Ailenizden size miras kalacağını biliyorsunuz.
Ancak bir de baktınız, mirasa dahil olan bazı mallar diğer mirasçılara ya da 3. kişilere dağıtılmaya başlanmış hatta resmi işlemleri bile tamamlanmış.
Böyle bir durumda, yasalar ne diyor? Yazımızla, bu ihtilafın nasıl çözümleneceğini, 4721 sayılı Türk Medeni Kanunu/TMK hükümlerine göre ana hatlarıyla ele almaktayız.
Yazı İçeriği ve Başlıklar;
Mirasbırakan Mallarını Dilediği Gibi Dağıtamaz mı? |
Kimler Ne Oranda Saklı Paya Sahiptir? |
Saklı Payı İhlal Edilenler Ne Yapabilir? |
Hakkın Talep Edilebileceği Sürelere ve Mirastan Çıkartılmamış Olmaya Dikkat |
I)Mirasbırakan Mallarını Dilediği Gibi Dağıtamaz mı?
Bilindiği üzere mülkiyet Anayasa madde 35 ve İnsan Hakları Avrupa Sözleşmesi Ek Protokol 1 madde 1 ile temel bir hak olarak tanımlıdır. Bu kapsamda mülkiyetin sınırlarını çizen TMK madde 683 bir şeye malik olmanın sağladığı imkanları; hukuk düzeninin sınırları içinde, o şey üzerinde dilediği gibi kullanma, yararlanma ve tasarrufta bulunma yetkisi olarak düzenlemiştir.

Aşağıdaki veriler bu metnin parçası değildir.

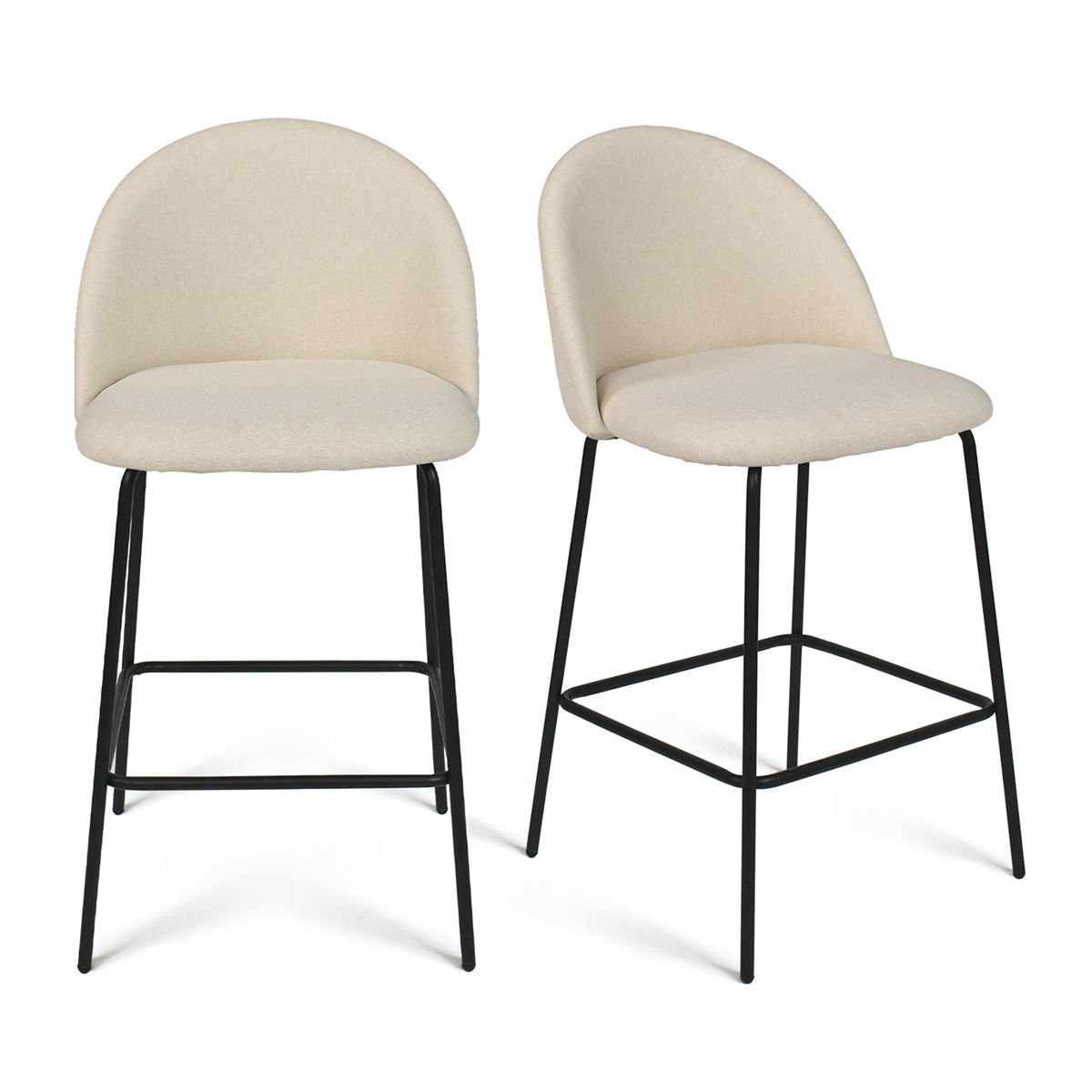[Closeout-Only 129.99$]Nano 25'' Upholstered Low Back Counter Stool (Set of 2)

Ancak her hakta olduğu gibi mülkiyetin de sınırları vardır. Genel olarak hakkın kullanılmasına dair TMK madde 2 çerçevesinde dürüst davranma ve hakkın kötüye kullanılması yasağıyla birlikte mülkiyet hakkını sınırlayan en önemli sebep, miras hakkıdır. Yani malikin mülkiyet hakkı ile mirasçılarının miras hakları, birbirleriyle çatıştığından, tasarruf yetkisi belirli oranda sınırlandırılmaktadır. Nitekim Anayasa madde 35/1; “Herkes, mülkiyet ve miras haklarına sahiptir” düzenlemesi ile mülkiyetten hemen sonra mirası da hak olarak kabul etmiştir. Maddenin devamında mülkiyetin kamu yararına aykırı kullanılamayacağı da açık biçimde belirtilerek ek bir sınırlama kabul edilmiştir.

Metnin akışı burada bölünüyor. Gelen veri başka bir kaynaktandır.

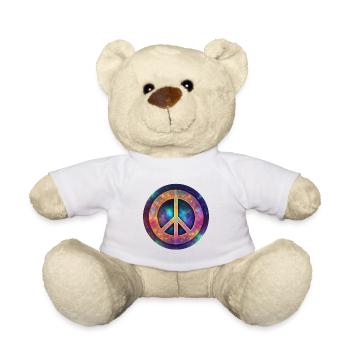 Cosmic Peace Sign - Teddy Bear - white - Front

İşte bu sebeplerle, mülkiyet/miras haklarının dengelenmesi için yasa koyucunun getirdiği çözüm saklı pay kurumudur.
Nedir saklı pay? Saklı pay, yasa tarafından mirasçıların haklarını belirli oranda korumaya alan ve malikin bunlar üzerinde tasarrufta bulunmasını engelleyen bir kurumdur. Bu açıdan yasa tarafından, mirasçıların miras paylarının özel olarak korunduğu kısmına “saklı pay”; eski adıyla “mahfuz hisse” denilmektedir.
II) Kimler Ne Oranda Saklı Paya Sahiptir?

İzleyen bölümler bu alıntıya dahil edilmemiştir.